É evidente que do Tema 359  não se pode extrair a possibilidade de acumulação de aposentadoria com pensão, para fins do “abate-teto”, quando se tratar de entidades instituidoras distintas.

Para os servidores públicos e agentes políticos da União o teto é um só: o subsídio dos Ministros do STF. Também para os servidores e agentes políticos dos Municípios o teto é único: o subsídio do prefeito. Mas para os agentes públicos dos Estados e do Distrito Federal são três tetos: (a) no âmbito do Poder Executivo, o teto é o subsídio mensal do governador; (b) no âmbito do Poder Legislativo, os subsídios dos deputados estaduais e distritais; (c) no âmbito do Poder Judiciário, o subsídio dos desembargados do Tribunal de Justiça – mas estes mesmos sujeitos ao teto de 90,25% do subsídio mensal, em espécie, dos Ministros do STF, incluindo-se nesse limite os agentes políticos que exercem funções essenciais à justiça, ou seja, os membros do Ministério Público, os Procuradores e os Defensores Públicos. [1]

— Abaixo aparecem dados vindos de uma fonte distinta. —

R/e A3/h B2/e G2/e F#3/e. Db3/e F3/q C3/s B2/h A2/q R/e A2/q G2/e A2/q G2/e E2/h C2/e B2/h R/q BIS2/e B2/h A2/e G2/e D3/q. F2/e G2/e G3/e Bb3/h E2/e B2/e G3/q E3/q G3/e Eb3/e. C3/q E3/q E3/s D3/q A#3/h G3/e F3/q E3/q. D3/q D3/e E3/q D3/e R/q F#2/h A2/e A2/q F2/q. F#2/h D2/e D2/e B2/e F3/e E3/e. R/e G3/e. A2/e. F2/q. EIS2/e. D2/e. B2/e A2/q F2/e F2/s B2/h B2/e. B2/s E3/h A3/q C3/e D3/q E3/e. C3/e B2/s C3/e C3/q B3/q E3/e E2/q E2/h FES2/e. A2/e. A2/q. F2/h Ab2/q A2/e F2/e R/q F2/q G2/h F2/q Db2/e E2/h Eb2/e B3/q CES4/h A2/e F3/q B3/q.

Portanto, a diversidade de tetos, criados com base em entes políticos distintos, afasta completamente a possibilidade de se somar as verbas remuneratórias dos agentes públicos ou aposentadorias deles com pensão, percebida por entidades federais e estaduais, com a finalidade de incidir o “abate-teto”.

Se não for assim, instaurar-se-á um caos administrativo, em caso de alguém perceber uma pensão estadual e uma aposentadoria federal: qual o teto a ser aplicado, estadual ou o federal ? Qual a unidade administrativa competente para realizar o abate-teto ?

A confusão administrativa aumenta se os dois entes federados resolverem, no mesmo instante, aplicar o teto remuneratório, cada um aplicando o seu critério, o que é possível, já que não há comunicação entre eles. O servidor/aposentado/pensionista é quem terá o prejuízo, que poderá ter duas diminuições, tendo a remuneração final aquém do que deveria ser.

O entendimento majoritário da jurisprudência é no sentido de o teto constitucional somente se aplicar à soma dos valores recebidos pelos instituidores individualmente, não incidindo, contudo, em se tratando de valores percebidos de instituidores diversos. [2]

Portanto, essa é a interpretação a ser dada ao art. 37, XI, da Constituição Federal.

Se a Excelsa Corte, no julgamento RE 602.584/DF, não fez a distinção, quanto à incidência do teto remuneratório  no somatório da remuneração percebida por entes diferentes: União, Estados-membros, Distrito Federal e Municípios, não pode o intérprete fazê-lo, ainda mais quando se trata de norma restritiva de direito, que não se interpreta ampliativamente.


[1] José Afonso da Silva, Comentário contextual à Constituição. São Paulo: Malheiros, 2005,  pág. 341.

[2] TRF3 – AI 00016070420154030000 – SP – 1ª Turma – Desembargador Federal Hélio Nogueira, DJe 14/03/2016.